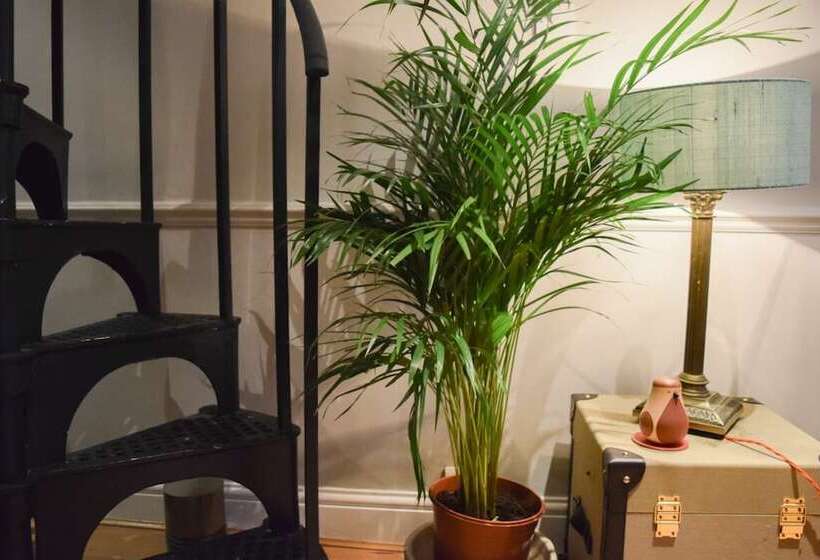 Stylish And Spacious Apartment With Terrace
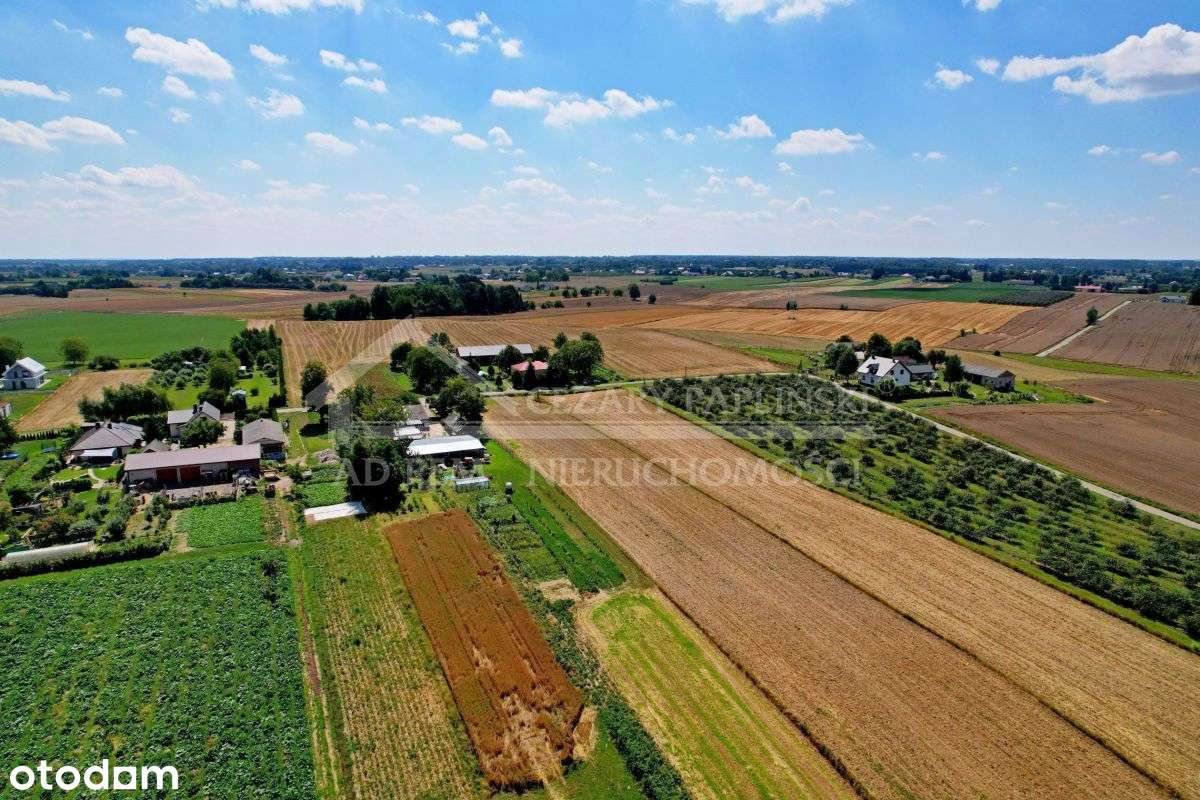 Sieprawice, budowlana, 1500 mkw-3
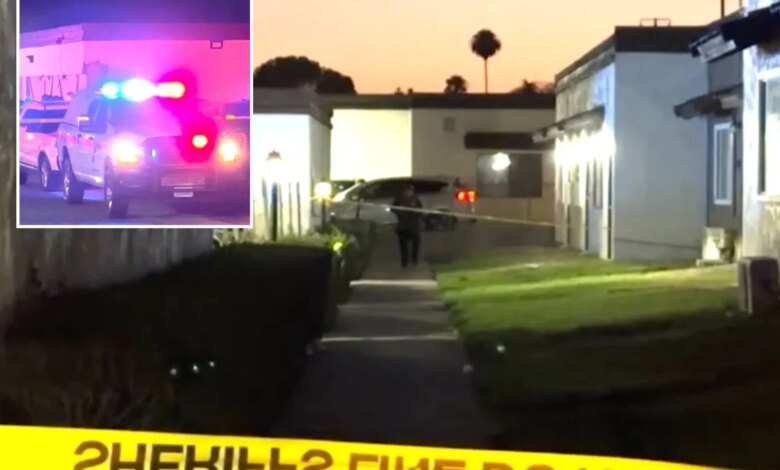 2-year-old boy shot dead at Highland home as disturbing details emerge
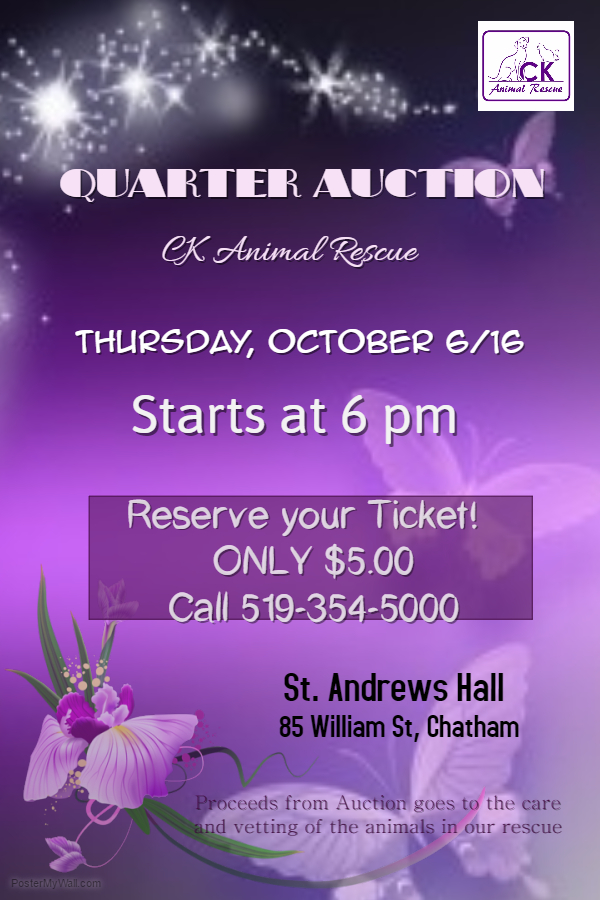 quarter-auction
# # # # #
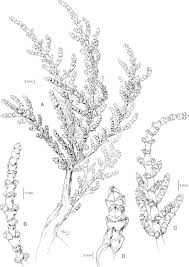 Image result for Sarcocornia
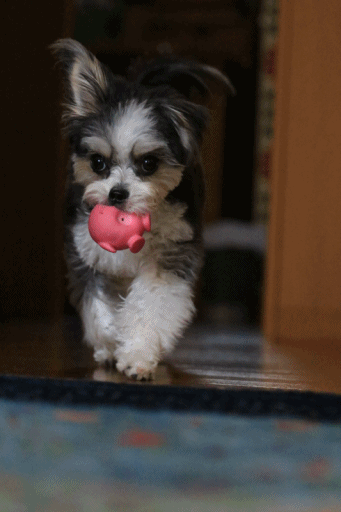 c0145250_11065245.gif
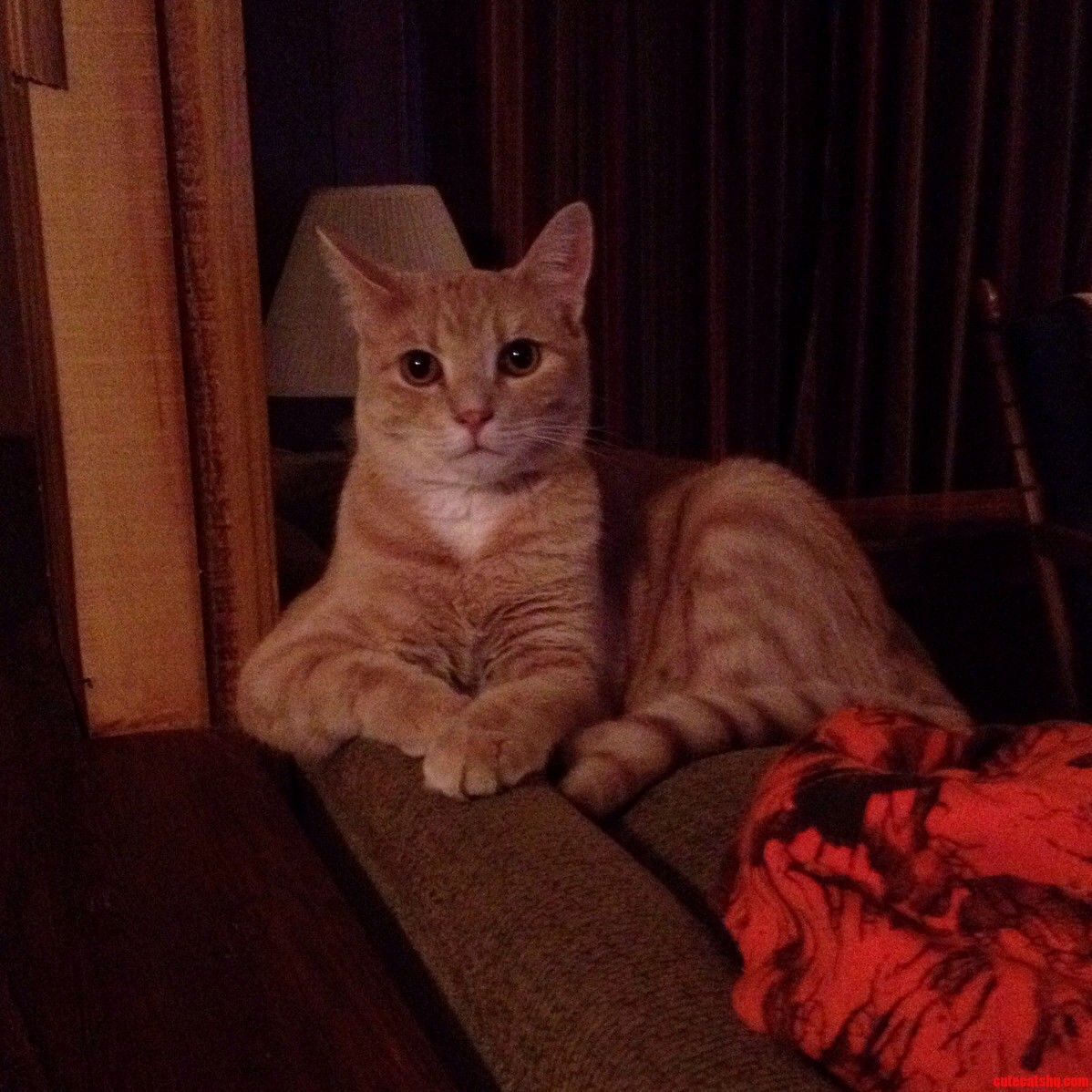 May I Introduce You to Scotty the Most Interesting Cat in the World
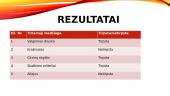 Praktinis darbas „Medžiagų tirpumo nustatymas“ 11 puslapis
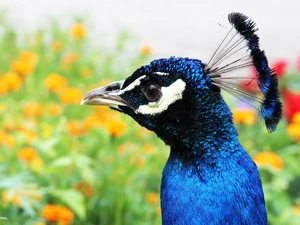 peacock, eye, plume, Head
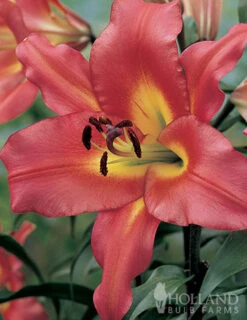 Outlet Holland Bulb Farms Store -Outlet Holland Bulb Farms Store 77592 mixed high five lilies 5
# # # # #
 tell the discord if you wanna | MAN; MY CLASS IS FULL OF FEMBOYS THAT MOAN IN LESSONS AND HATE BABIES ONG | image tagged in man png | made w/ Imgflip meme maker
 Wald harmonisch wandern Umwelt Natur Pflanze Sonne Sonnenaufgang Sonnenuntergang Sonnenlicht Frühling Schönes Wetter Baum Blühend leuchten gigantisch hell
# # # # #
Write back word for word every line in the entries above from the one with "May I Introduce" to the one with "Outlet Holland Bulb Farms Store -Outlet", ends included, and none of the pictures.

Result of this task —
 May I Introduce You to Scotty the Most Interesting Cat in the World
 Praktinis darbas „Medžiagų tirpumo nustatymas“ 11 puslapis
 peacock, eye, plume, Head
 Outlet Holland Bulb Farms Store -Outlet Holland Bulb Farms Store 77592 mixed high five lilies 5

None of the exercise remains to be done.